**Available records:**
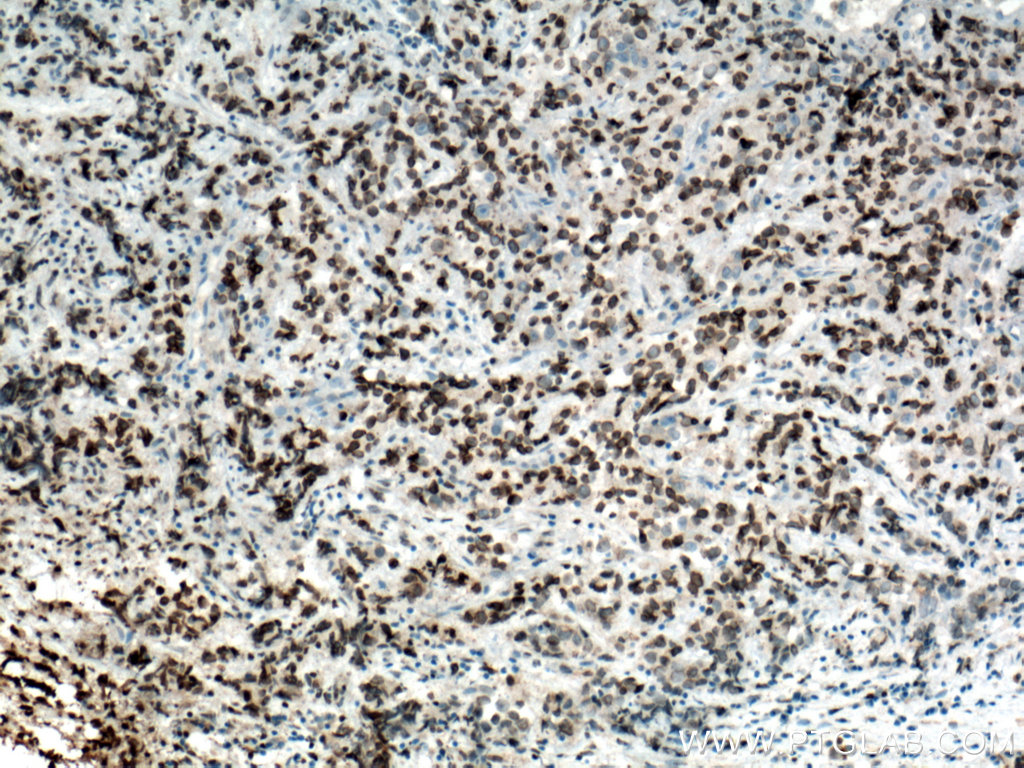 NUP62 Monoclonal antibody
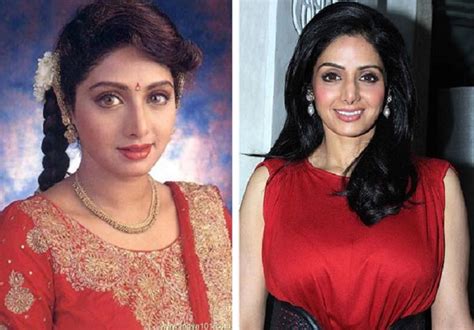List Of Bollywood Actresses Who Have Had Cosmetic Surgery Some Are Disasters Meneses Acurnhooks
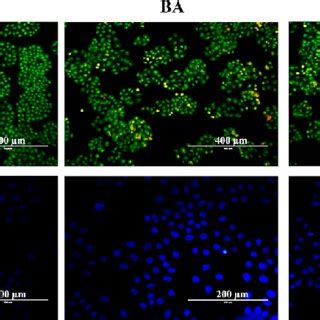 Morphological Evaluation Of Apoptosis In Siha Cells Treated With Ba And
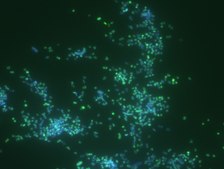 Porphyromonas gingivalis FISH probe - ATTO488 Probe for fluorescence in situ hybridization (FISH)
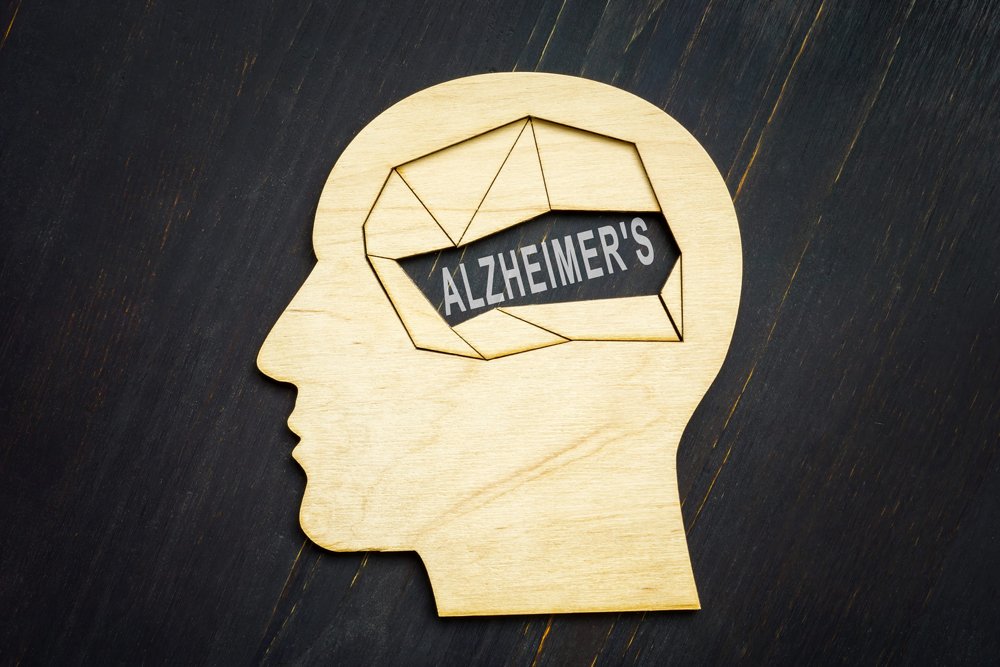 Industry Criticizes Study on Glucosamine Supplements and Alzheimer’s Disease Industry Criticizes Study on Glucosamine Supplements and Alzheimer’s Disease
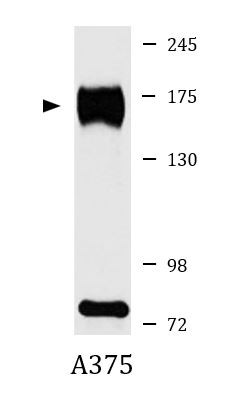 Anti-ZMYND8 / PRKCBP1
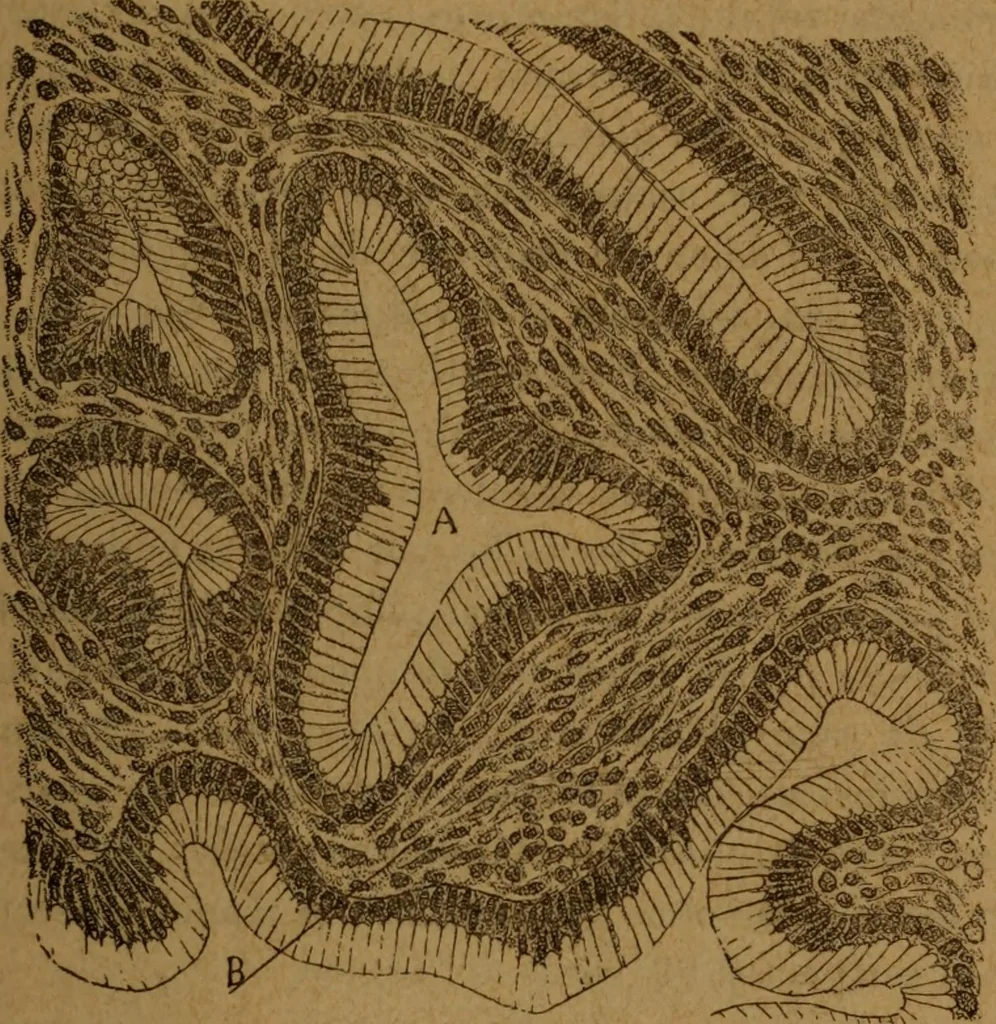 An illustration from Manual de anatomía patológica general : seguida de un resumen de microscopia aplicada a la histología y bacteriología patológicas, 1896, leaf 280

==

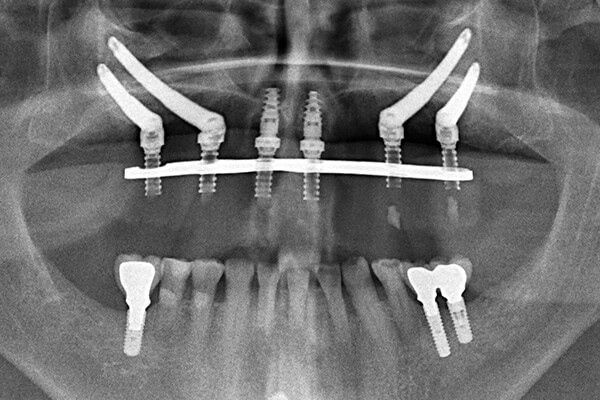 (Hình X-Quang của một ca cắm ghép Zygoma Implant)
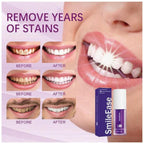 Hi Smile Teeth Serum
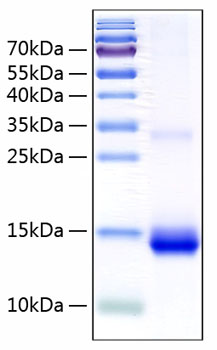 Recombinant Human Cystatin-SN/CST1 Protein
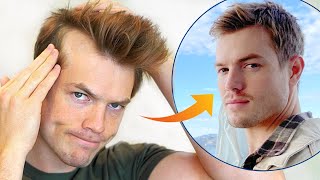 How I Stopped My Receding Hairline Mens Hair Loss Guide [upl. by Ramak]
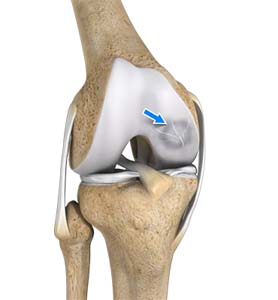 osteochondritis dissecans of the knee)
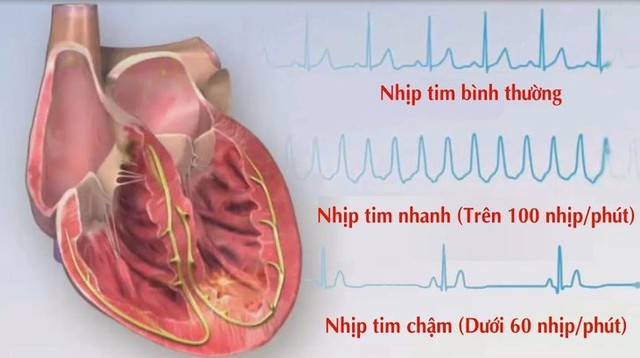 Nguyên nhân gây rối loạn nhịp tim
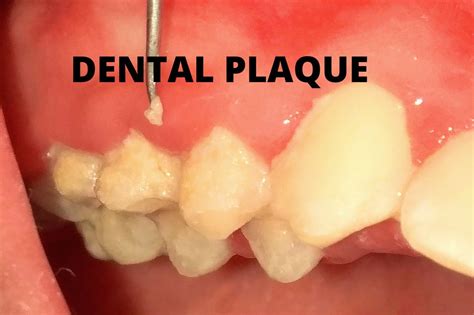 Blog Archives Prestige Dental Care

**Problem to work on:**
Taking the material above, give again exactly the lines from the one holding "(Hình X-Quang của" through the one holding "Blog Archives Prestige Dental Care", with both ends and without pictures.

**Result below:**
 (Hình X-Quang của một ca cắm ghép Zygoma Implant)
 Hi Smile Teeth Serum
 Recombinant Human Cystatin-SN/CST1 Protein
 How I Stopped My Receding Hairline Mens Hair Loss Guide [upl. by Ramak]
 osteochondritis dissecans of the knee)
 Nguyên nhân gây rối loạn nhịp tim
 Blog Archives Prestige Dental Care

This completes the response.